X = Bikeshare[indep_vars]
y = Bikeshare['bikers']

### Before doing any other analyses, let's create training and test sets.

In [None]:
X_train, X_test, y_train, y_test, Train, Test = train_test_split(X, y, Bikeshare, 
                                                                 random_state = seed, 
                                                                 test_size = 0.25, 
                                                                 shuffle = True)
                             

### We can first summarize the variables in the training data.

In [None]:
Train.describe()

### Then we can create plots for each potential independent variable with `bikers` on training data.

In [None]:
# Initialize the plots before drawing them
nrows = 4
ncols = 3
figsize = (5*nrows, 5*ncols)

fig, axes = subplots(nrows=nrows,
                     ncols=ncols,
                     figsize=figsize)

# Assign a grid location to each index
def range_to_grid(i, nrows, ncols):
    x=[]
    y=[]
    for n in range(nrows*ncols):
        x.append(n // ncols)
        y.append(n % ncols)
        # print(n,x[n],y[n]) # for testing this function
    return x[i],y[i]

# Plot the variables
for j in range(len(X_train.columns)):
    # print(range_to_grid(j,nrows,ncols)[0], range_to_grid(j,nrows,ncols)[1]) # testing
    axes[range_to_grid(j,nrows,ncols)[0],
         range_to_grid(j,nrows,ncols)[1]].plot(X_train.iloc[:,j], y_train, 'o')
    axes[range_to_grid(j,nrows,ncols)[0],
         range_to_grid(j,nrows,ncols)[1]].set_xlabel(X_train.columns[j])
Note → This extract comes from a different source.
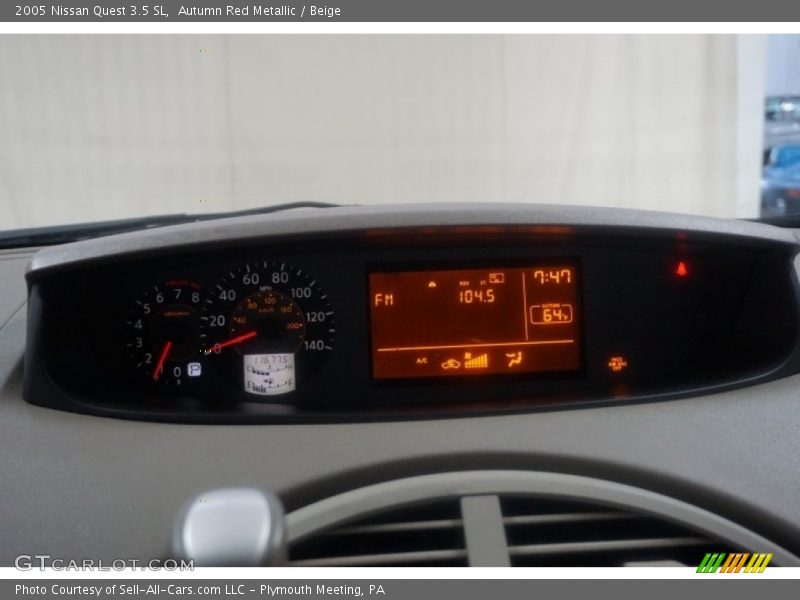 Autumn Red Metallic / Beige 2005 Nissan Quest 3.5 SL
### Since we see that the `hr` variable is periodic (with period 24), we will use trigonometric transforms as our spline basis functions

In [None]:
# Data preprocessing
Train['hr_sin'] = round(np.sin(2*np.pi/24*Train['hr'].astype('int')),2)
Test['hr_sin'] = round(np.sin(2*np.pi/24*Test['hr'].astype('int')),2)
X_train['hr_sin'] = round(np.sin(2*np.pi/24*X_train['hr'].astype('int')),2)
X_test['hr_sin'] = round(np.sin(2*np.pi/24*X_test['hr'].astype('int')),2)

Train['hr_cos'] = round(np.cos(2*np.pi/24*Train['hr'].astype('int')),2)
Test['hr_cos'] = round(np.cos(2*np.pi/24*Test['hr'].astype('int')),2)
X_train['hr_cos'] = round(np.cos(2*np.pi/24*X_train['hr'].astype('int')),2)
X_test['hr_cos'] = round(np.cos(2*np.pi/24*X_test['hr'].astype('int')),2)

# spot-check this
Train.head()

## First Linear Regression Model with a spline

### We can create a column to represent the intercept in our model. 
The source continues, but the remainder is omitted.